Order Code RS22049
February 10, 2005
CRS Report for Congress
Received through the CRS Web
Al Qaeda: Profile and Threat Assessment
Kenneth Katzman
Specialist in Middle Eastern Affairs
Foreign Affairs, Defense, and Trade Division
Summary
Most U.S. and international intelligence institutions, as well as outside experts,
agree that Al Qaeda retains the intention to conduct major attacks in the United States
and against U.S. interests abroad. These institutions also appear to agree that U.S.
counter efforts in the past few years have weakened Al Qaeda’s central leadership
structure and capabilities, and that Al Qaeda’s sympathizers now represent the pre-
eminent threat from this organization. However, there is little agreement among experts
over the degree to which these changes have materially reduced the overall Al Qaeda
threat. This report will be updated as warranted by developments.

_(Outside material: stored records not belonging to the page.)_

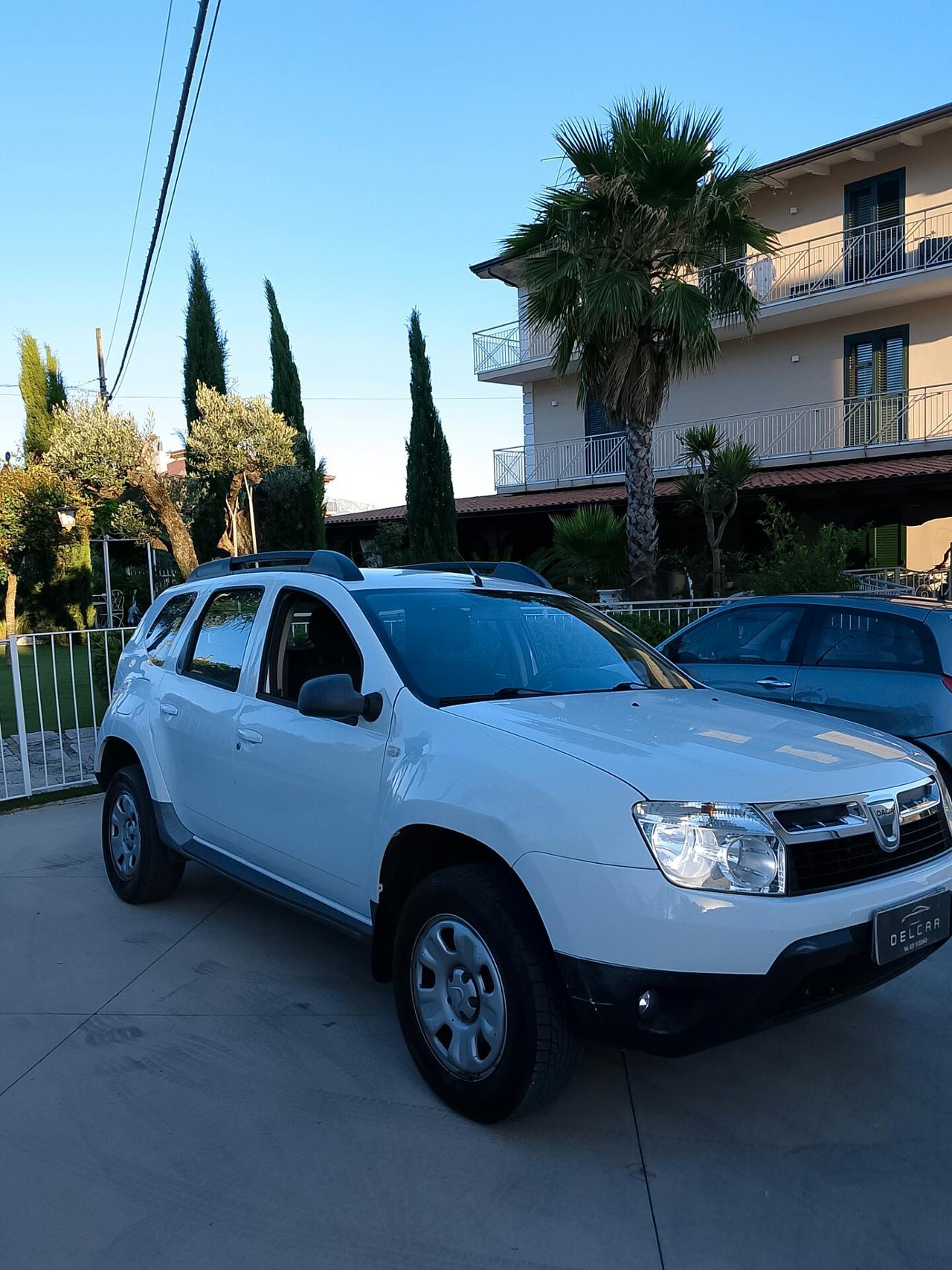 Dacia Duster 1.5 dCi 90CV 4x2 Lauréate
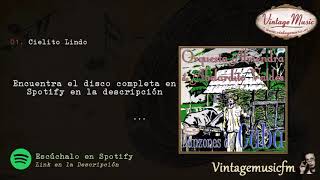 Abelardito Valdés Y Orquesta Almendra Cielito Lindo Danzón Colección Perlas Cubanas #224 (Album)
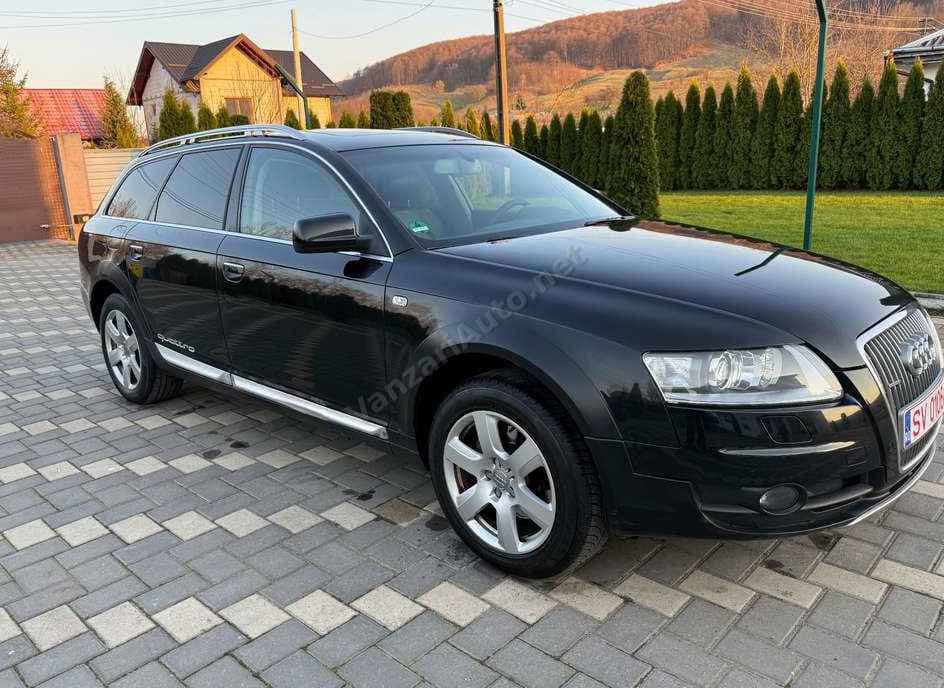 Audi A6 Allroad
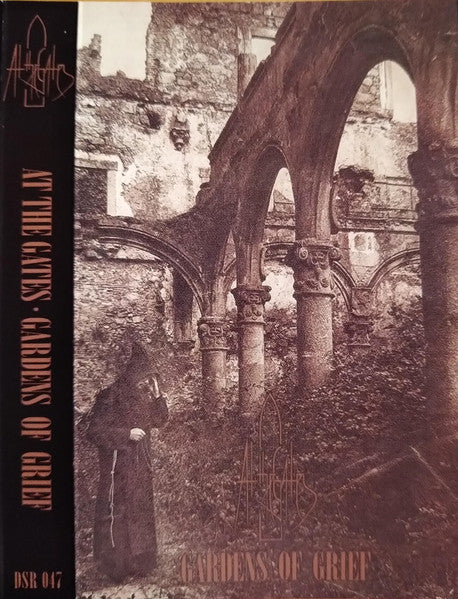 At The Gates : Gardens Of Grief (EP,Limited Edition,Numbered,Reissue)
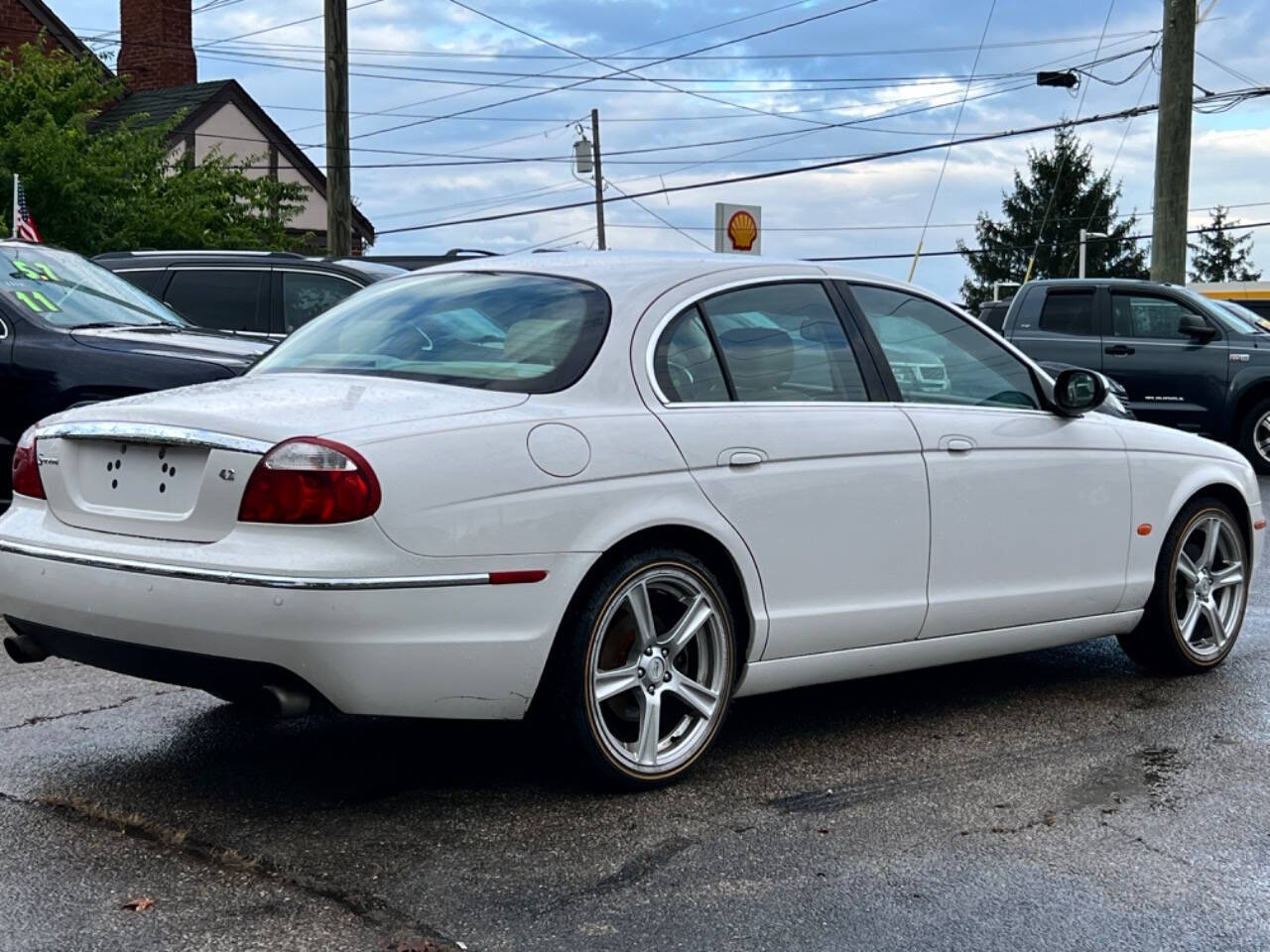 2005 Jaguar S-Type for sale at MILA AUTO SALES LLC in Cincinnati, OH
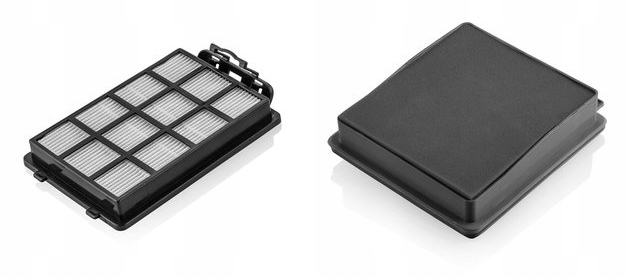 Odkurzacz Bezworkowy Eta Salvet Filtr HEPA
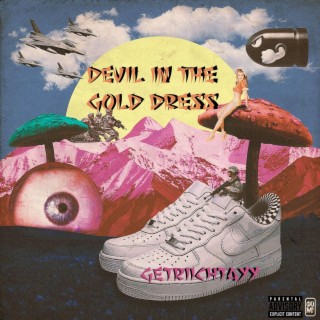 Devil In The Gold Dress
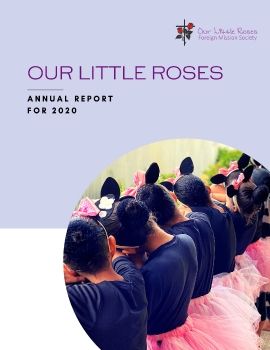 Our Little Roses FMS 2020 Annual Report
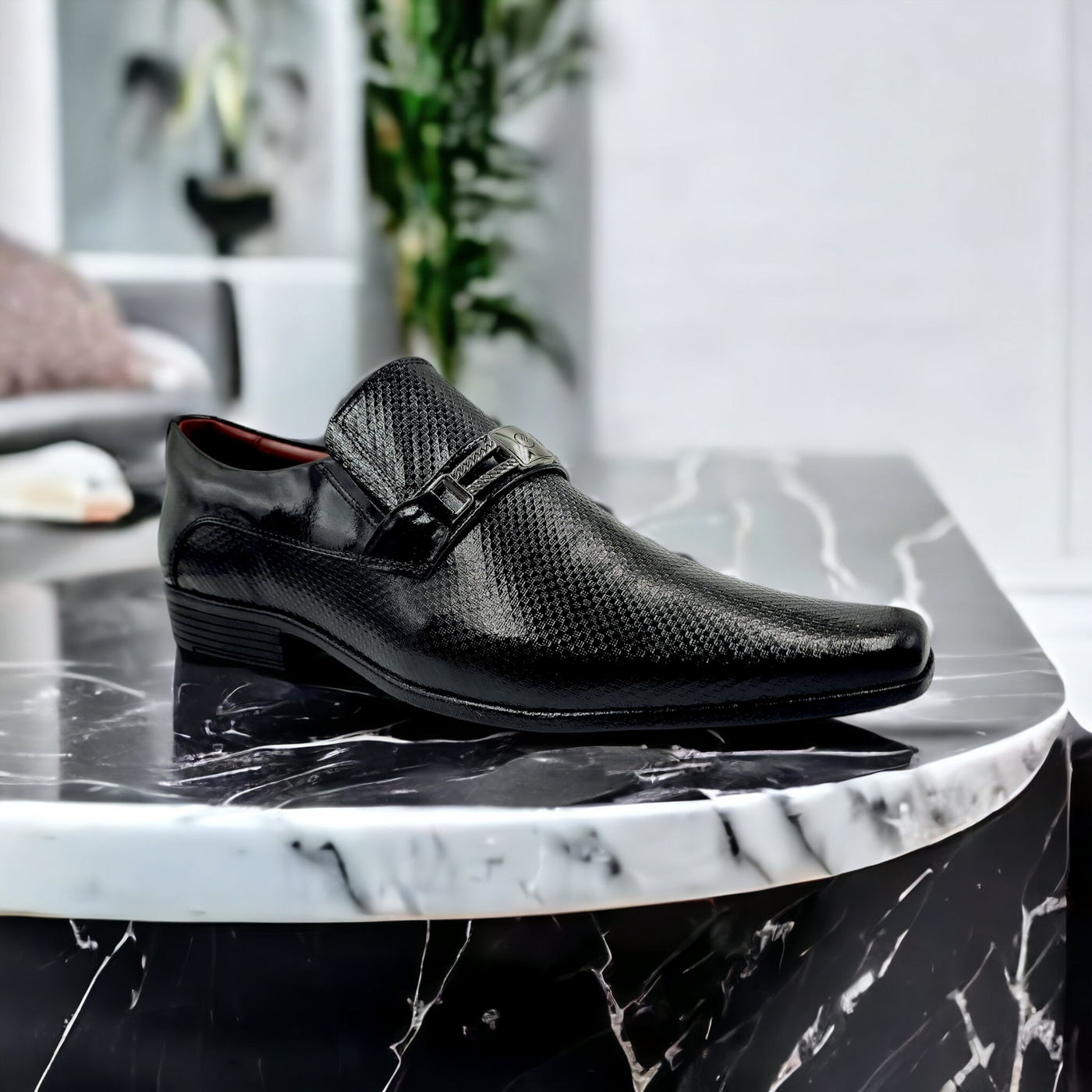 Las mejores ofertas en Parte superior de cuero Louis Vuitton Rojo Zapatos  informales para hombres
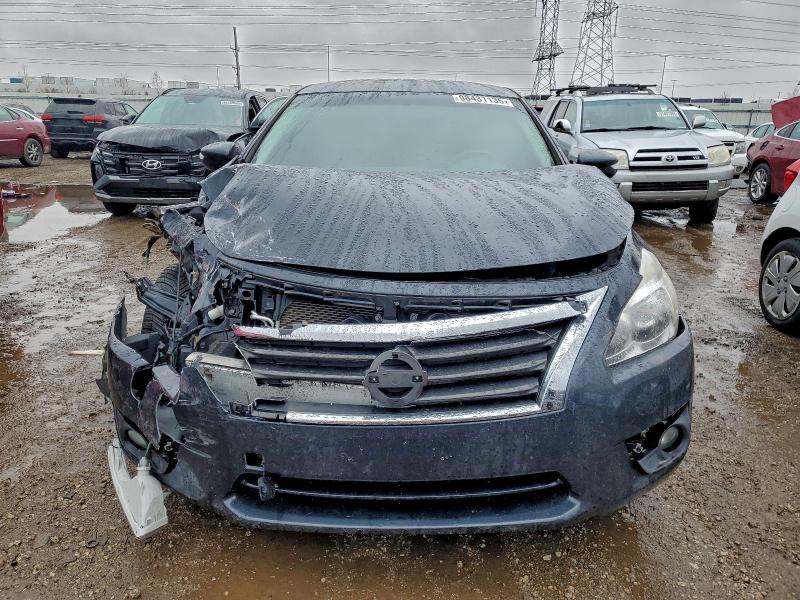 Photo 5 from auction – 2013 NISSAN ALTIMA 2.5 with VIN 1N4AL3AP9DN462080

See also, CRS
Report RL32759, Al Qaeda: Statements and Evolving Ideology.
Al Qaeda’s Origins
Al Qaeda was founded by Osama bin Laden in Afghanistan in 1988. Osama bin
Laden was born in July 1957, the seventeenth of twenty sons of a Saudi construction
magnate of Yemeni origin. Many Saudis are conservative Sunni Muslims, and bin Laden
appears to have adopted militant Islamist views while studying at King Abdul Aziz
University in Jeddah, Saudi Arabia. There, he studied Islam under Muhammad Qutb,
brother of Sayyid Qutb, the key ideologue of a major Sunni Islamist movement, the
Muslim Brotherhood.1 Another of bin Laden’s instructors was a major figure in the
Jordanian branch of the Muslim Brotherhood, Dr. Abdullah Azzam. Azzam is identified
by some experts as the intellectual architect of the jihad against the 1979-1989 Soviet
occupation of Afghanistan, and ultimately of Al Qaeda itself;2 he cast the Soviet invasion
as an attempted conquest by a non-Muslim power of sacred Muslim territory and people.
1 The Muslim Brotherhood was founded in 1928 in Egypt, and it has spawned numerous Islamist
movements throughout the region since, some as branches of the Brotherhood, others with new
names. For example, the Palestinian Islamist group Hamas traces its roots to the Palestinian
branch of the Muslim Brotherhood.
2 Gunaratna, Rohan. Inside Al Qaeda. Columbia University Press, 2002.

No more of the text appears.